Kasikorn sees earnings growth in the near term driven by the commercial operation of domestic renewable plants such as solar farms, wind farms, waste-to-energy facilities, and revenue from LNG shipments. There is also an upside from rate hikes at GULF’s US-based power plants. For future strategy, GULF is targeting both domestic and developed international markets (Europe, US). For domestic strategy, GULF prefers acquiring stakes in operational projects where it can leverage cost advantages and superior resources. However, Kasikorn noted risks, especially a 2-3 year likely delay for the Burapa plant’s commercial operation due to unresolved contract issues—viewed as a negative factor. The brokerage suggested the possibility of interim dividends to improve shareholder returns and maintained a “Buy” recommendation with a target price of THB 61.
Krungsri Securities: Slightly Positive, Backed by Strong LNG and Hydropower Outlook
Krungsri Research adopted a slightly positive stance after the analyst meeting, emphasizing the financial closure of the Pak Beng and Pak Lay hydropower projects which enjoy reduced interest expense and an improved internal rate of return (IRR) reaching double digits. The management projects GULF will import 70 LNG vessels in 2026, up from approximately 50 vessels in 2025, translating into a revenue boost from THB 1 billion to THB 1.5 billion year-on-year.

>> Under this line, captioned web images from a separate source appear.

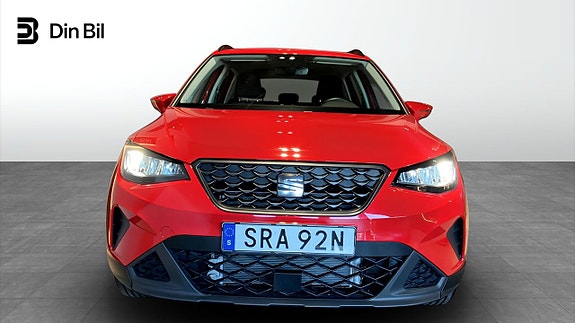 Seat Arona 4 of 12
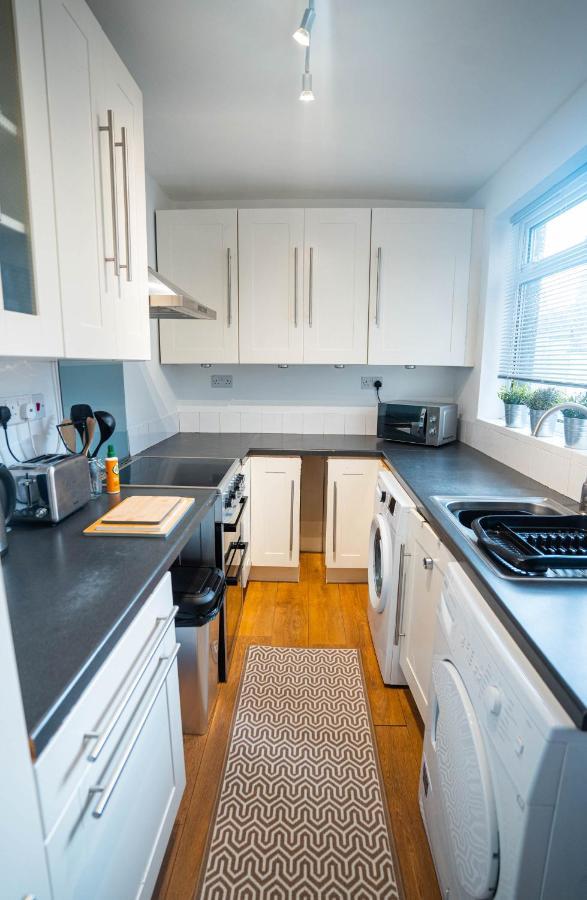 Comfortable House In Nuneaton Sleeps5 Free Parking Good Amenites Exterior photo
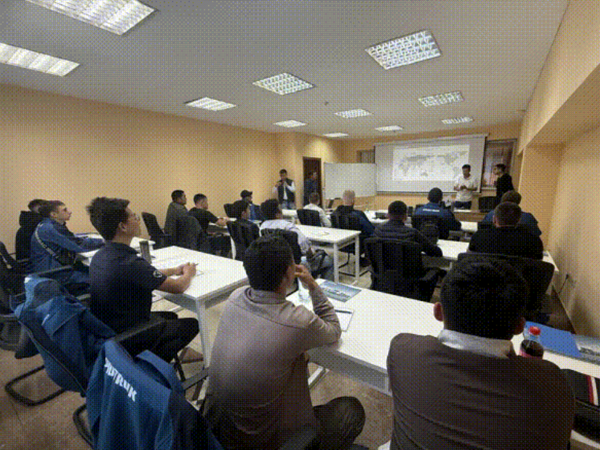 5f1ee71c9874495099400a45a178272e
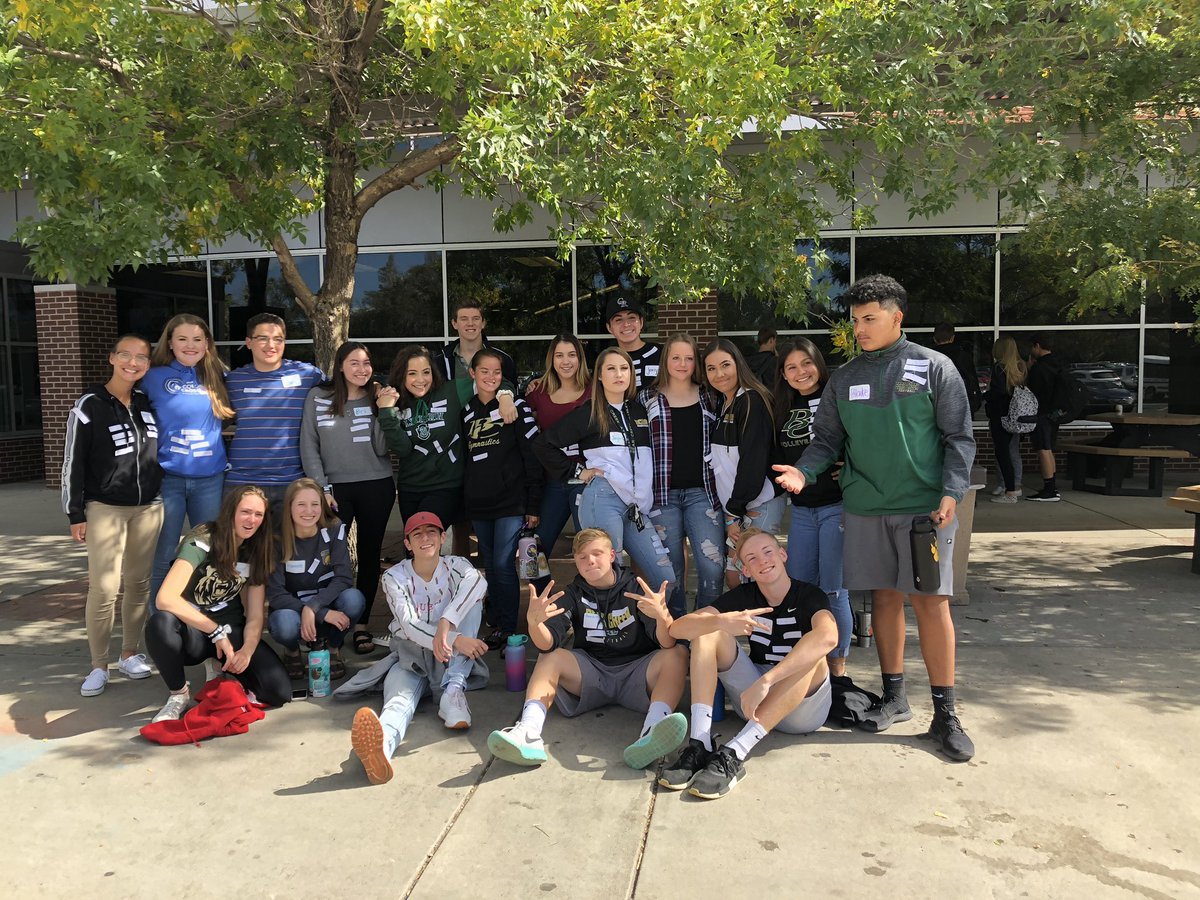 Jteach99's tweet photo. Link crew conference—learning leadership and community building!  #gobcbears https://t.co/oMi9lgEYI3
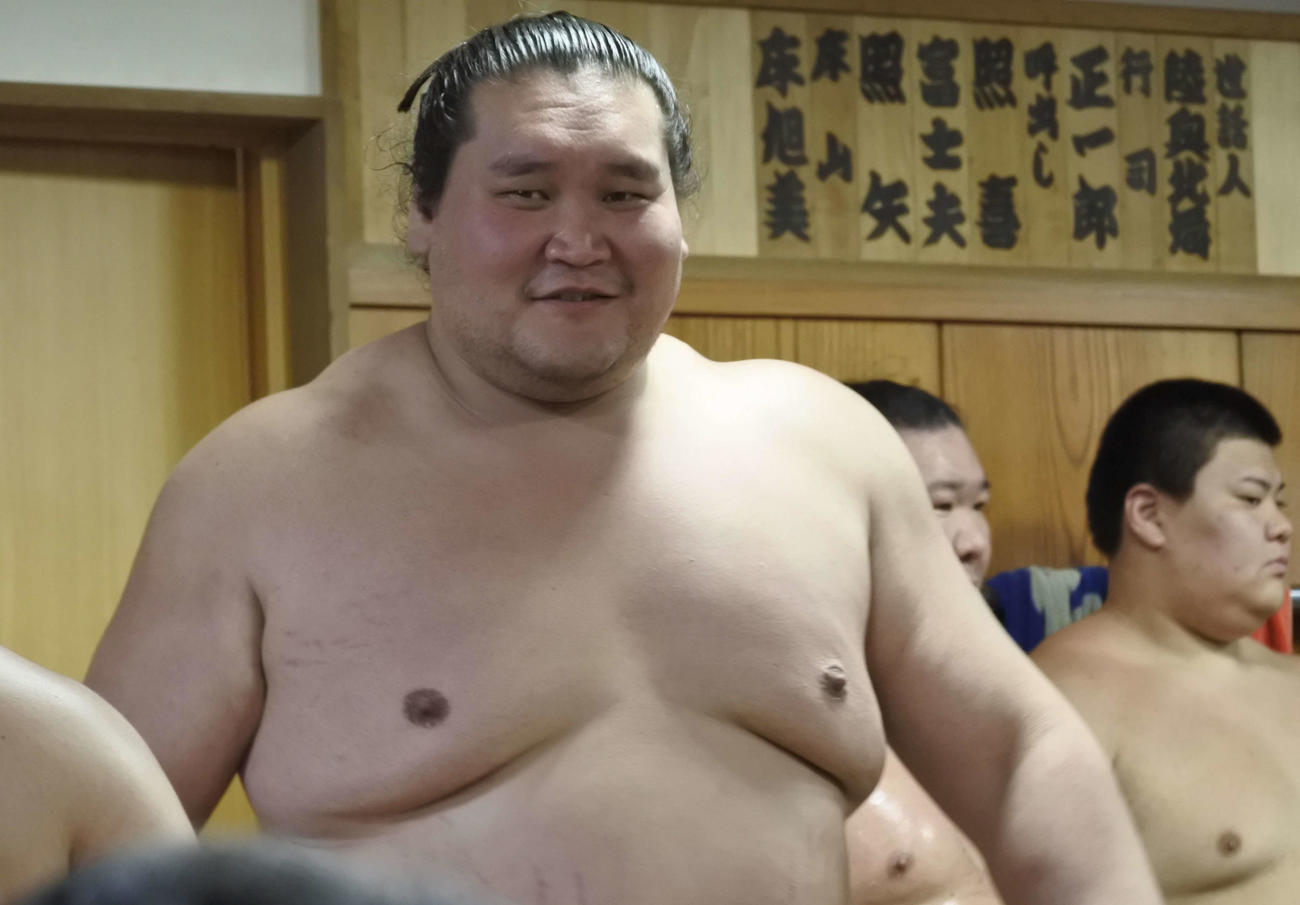土俵周りで体を動かしながら、充実の表情を見せる照ノ富士（代表撮影）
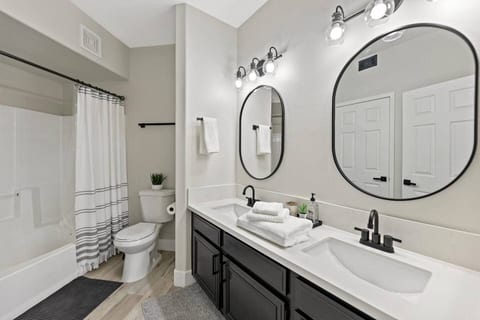 Urban Living at The Vistana  1 bed 1 bath condo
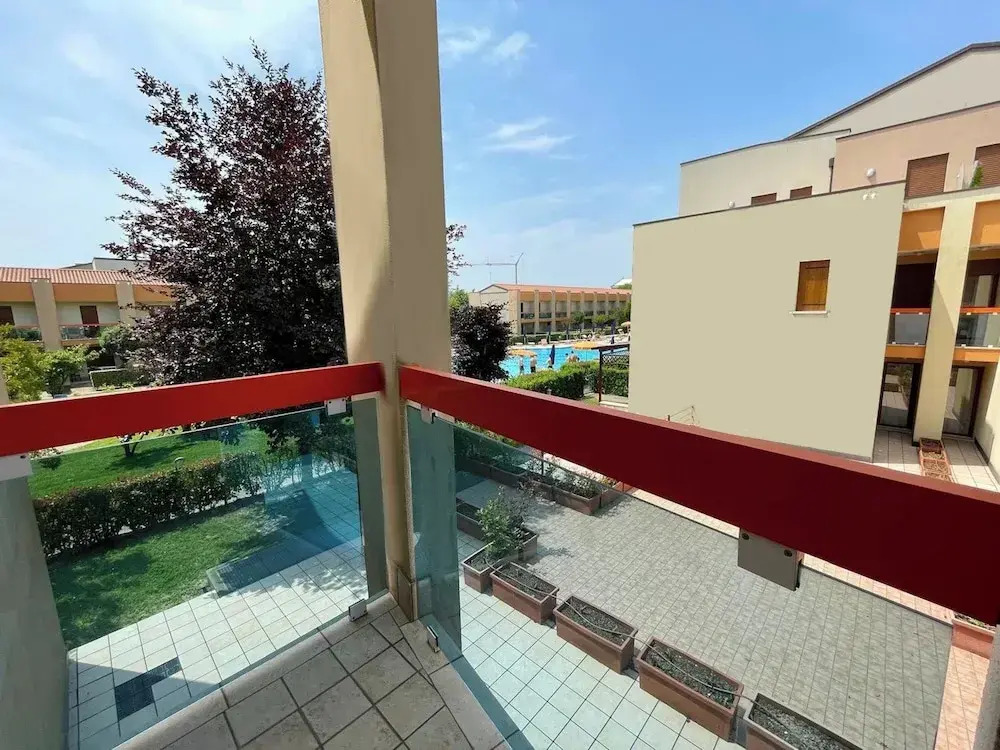 Cozy Apartment With Shared Pool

For renewables, the firm highlighted GULF’s second phase of projects, totaling 1,480 MW, underpinned by a PPA electricity tariff of THB 2.16 per unit—a minor decrease with no significant negative financial impact. There is optimism about contract finalization by year-end 2025. However, GULF was not awarded any new projects directly in this recent renewables round, while other operators like GUNKUL secured capacity. Despite this, Krungsri maintained its “Buy” rating with a 2026 target price of THB 59 per share.